## Problem details:
Copy each line of the data below exactly, leaving out pictures.

## Collected data:

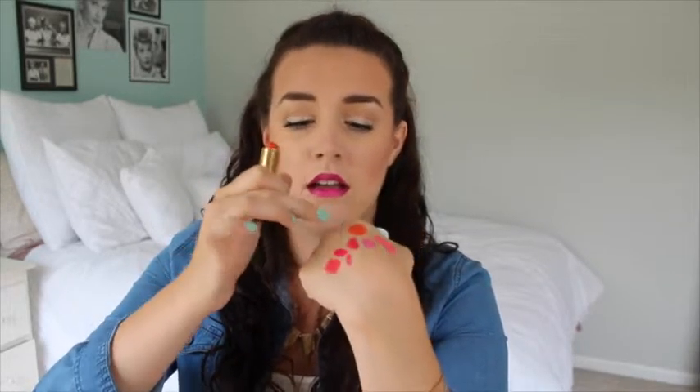This one is from Revlon — it's one of their Super Lustrous ones in their cream formula. This is like straight up orange, so if you like orange lips you'll love this color. It's called Kiss Me Coral. Their cream formula is so nice. The thing about Revlon lipsticks is that they've been around forever — I remember my grandma having them — so you know they're good. I really, really like this formula and I love this orange shade.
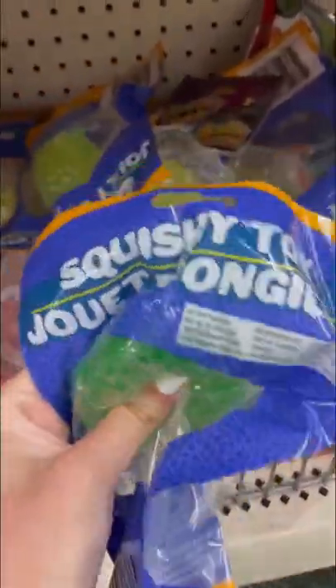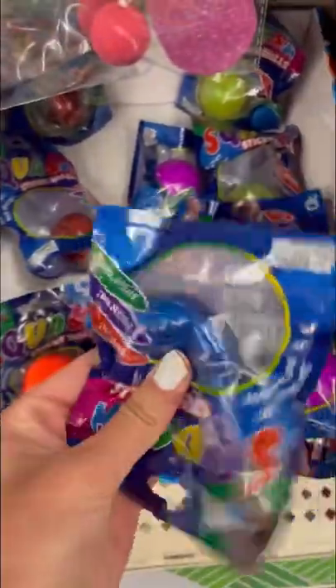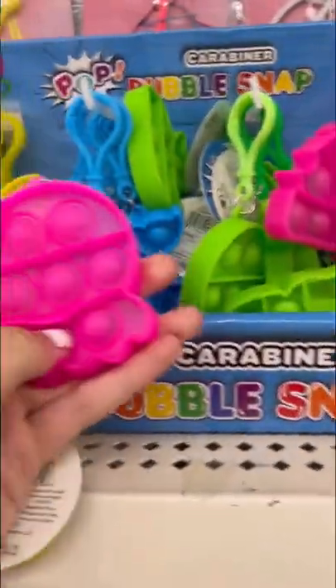So many poppet bracelets and poppet balls, so many new Orbeez toys, and also wooden globos. And a ton of adorable poppet keychains.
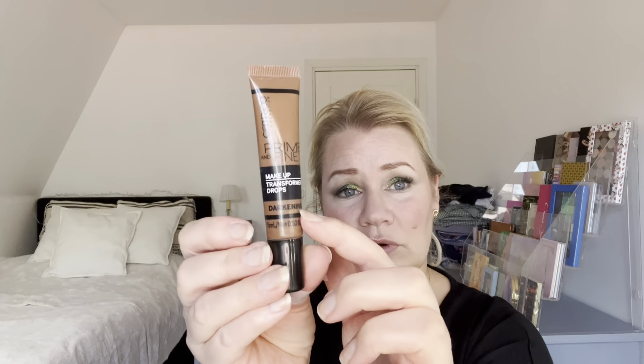The third one is really old — it's the Catrice Prime and Fine Makeup Transformer Drops in Darkening. I really want to finish this up; I bought another darkening product and this is so old I just want it out. It's very low — I don't think I can see through it to measure it, but I must be very low. You need so little of this, and because I'm trying to pan a foundation that is too light it's very convenient, but I really want to get it finished.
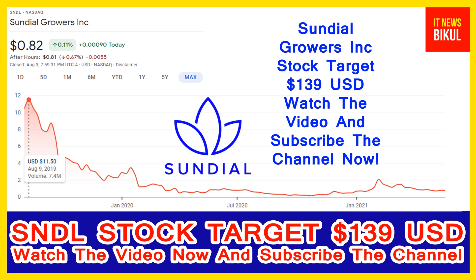Friends, if you have not subscribed to my YouTube channel, please subscribe now because I will make more good stock videos that will give you good returns in coming days. Please subscribe to my YouTube channel now. Thanks for watching. See you in the next video.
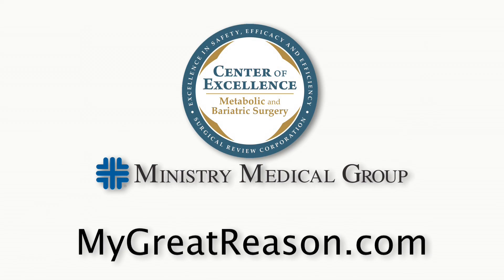Thank you, Dr. Selwyn. If you'd like to learn more about the Center of Excellence Bariatric program at Ministry, go to MyGreatReason.com.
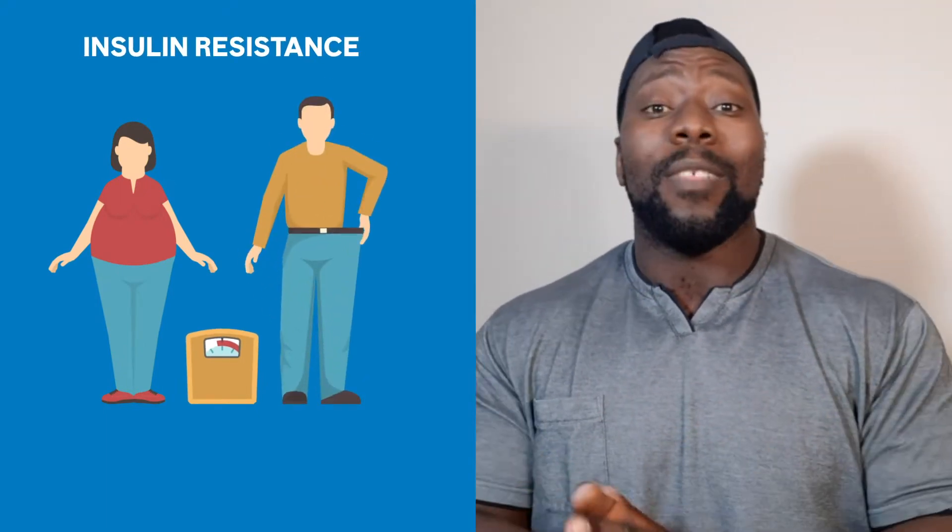Hi guys, I'm Ed Katushabe and welcome to video 4 of our insulin resistance series. Today we're going to be talking about achieving a healthy body weight and its impact on insulin resistance using exercise as your modality.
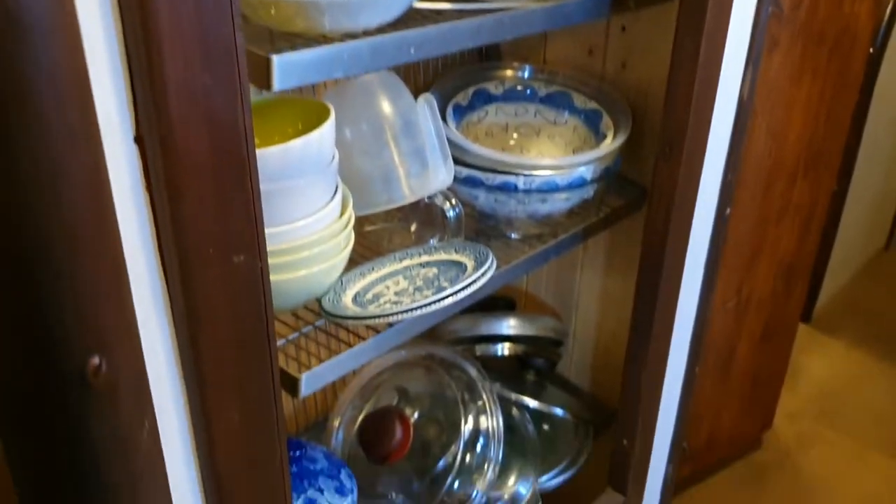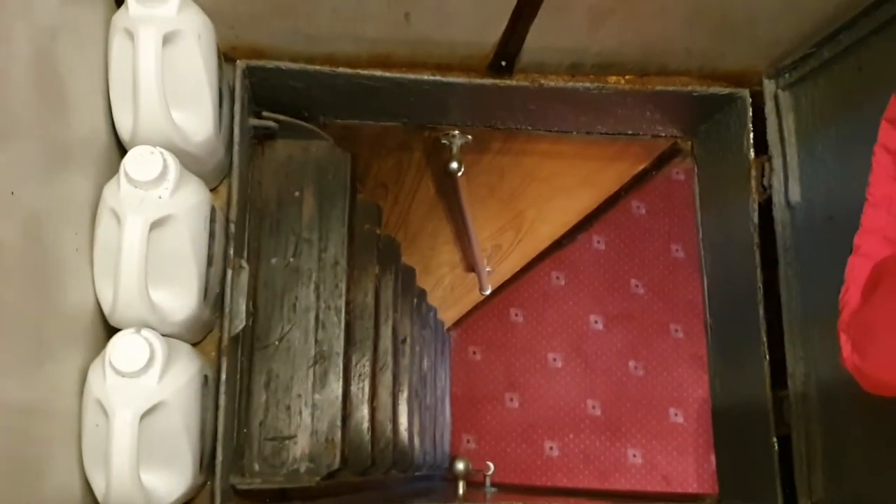From here you can get access to the pilot house, or you can get access from outside, and there's plenty of storage. This leads down to what is currently the owner's quarters, and I've got a separate video of that.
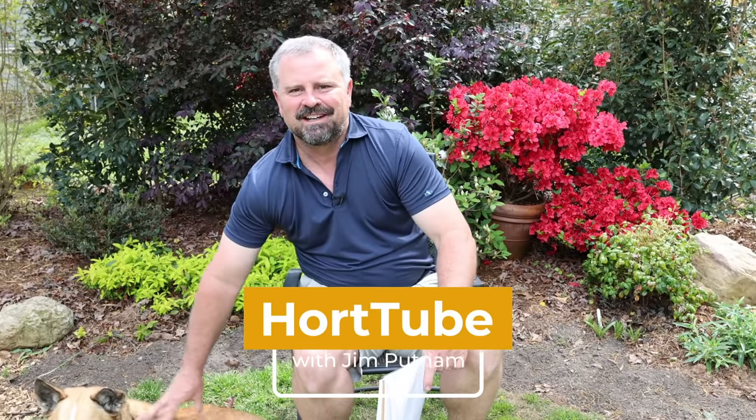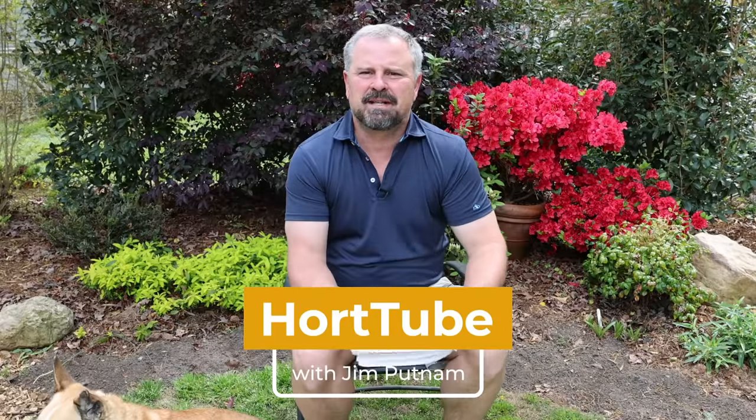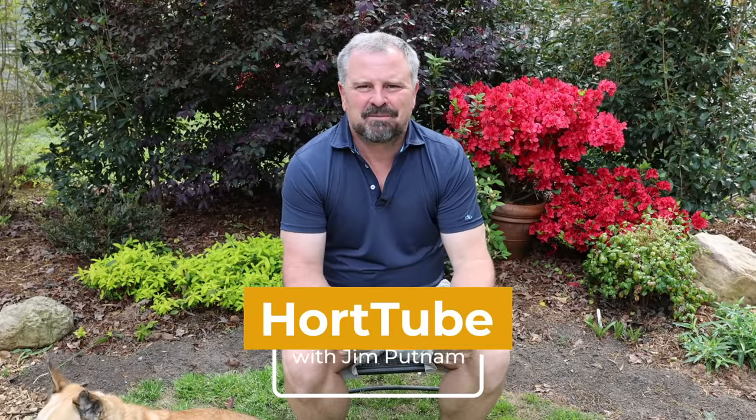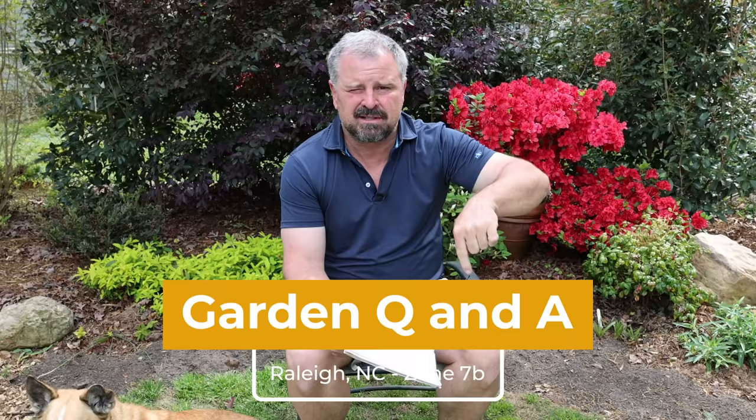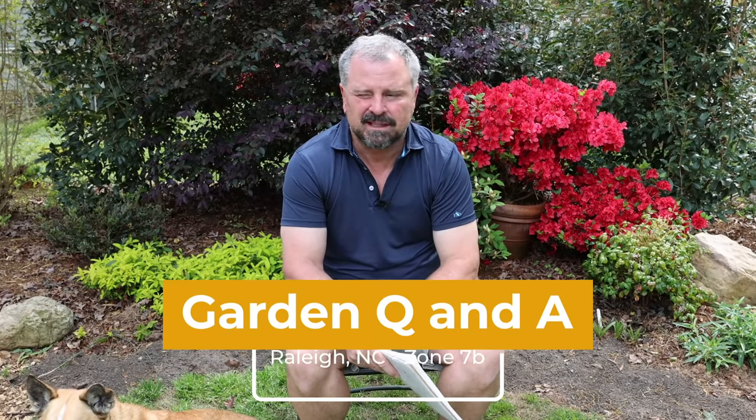Welcome to HortTube. My name is Jim Putnam. This is the Sunday garden question and answer video that I do on Sundays. You can ask questions down below this video and I pick from those each week.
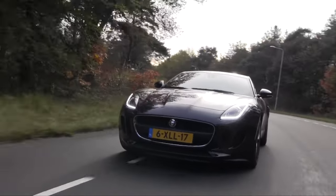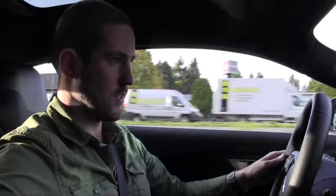Nu weten we dat Jaguar er heel veel werk van heeft gemaakt om hier een goed geluid uit te krijgen. Maar ze kunnen het nog erger maken, want ze hebben een knopje hier. Als je die indrukt, dan... En dan eenmaal doen we het ook. Zo.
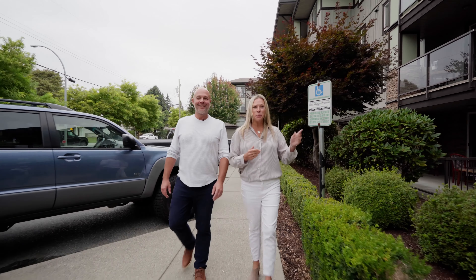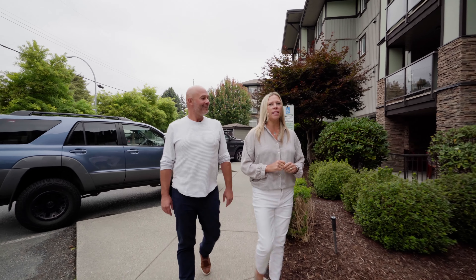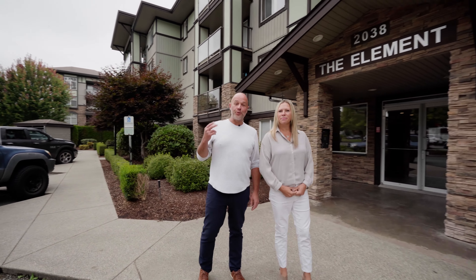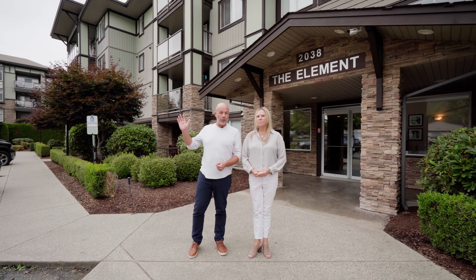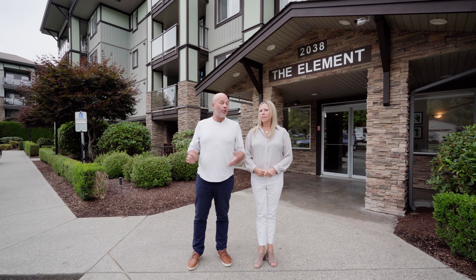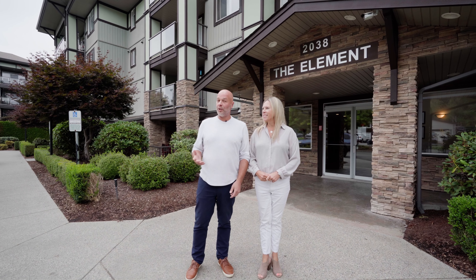Today we are at The Element, which is a really great condo building in a prime location in central Owetsford. This is a great two-bedroom and two-bathroom unit. It's top floor, just under a thousand square feet, and even though it's not an end unit, it actually doesn't share any common walls with any of the neighbors, so it's really quiet and private.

## Written reply:
This one is from Revlon — it's one of their Super Lustrous ones in their cream formula. This is like straight up orange, so if you like orange lips you'll love this color. It's called Kiss Me Coral. Their cream formula is so nice. The thing about Revlon lipsticks is that they've been around forever — I remember my grandma having them — so you know they're good. I really, really like this formula and I love this orange shade.
So many poppet bracelets and poppet balls, so many new Orbeez toys, and also wooden globos. And a ton of adorable poppet keychains.
The third one is really old — it's the Catrice Prime and Fine Makeup Transformer Drops in Darkening. I really want to finish this up; I bought another darkening product and this is so old I just want it out. It's very low — I don't think I can see through it to measure it, but I must be very low. You need so little of this, and because I'm trying to pan a foundation that is too light it's very convenient, but I really want to get it finished.
Friends, if you have not subscribed to my YouTube channel, please subscribe now because I will make more good stock videos that will give you good returns in coming days. Please subscribe to my YouTube channel now. Thanks for watching. See you in the next video.
Thank you, Dr. Selwyn. If you'd like to learn more about the Center of Excellence Bariatric program at Ministry, go to MyGreatReason.com.
Hi guys, I'm Ed Katushabe and welcome to video 4 of our insulin resistance series. Today we're going to be talking about achieving a healthy body weight and its impact on insulin resistance using exercise as your modality.
From here you can get access to the pilot house, or you can get access from outside, and there's plenty of storage. This leads down to what is currently the owner's quarters, and I've got a separate video of that.
Welcome to HortTube. My name is Jim Putnam. This is the Sunday garden question and answer video that I do on Sundays. You can ask questions down below this video and I pick from those each week.
Nu weten we dat Jaguar er heel veel werk van heeft gemaakt om hier een goed geluid uit te krijgen. Maar ze kunnen het nog erger maken, want ze hebben een knopje hier. Als je die indrukt, dan... En dan eenmaal doen we het ook. Zo.
Today we are at The Element, which is a really great condo building in a prime location in central Owetsford. This is a great two-bedroom and two-bathroom unit. It's top floor, just under a thousand square feet, and even though it's not an end unit, it actually doesn't share any common walls with any of the neighbors, so it's really quiet and private.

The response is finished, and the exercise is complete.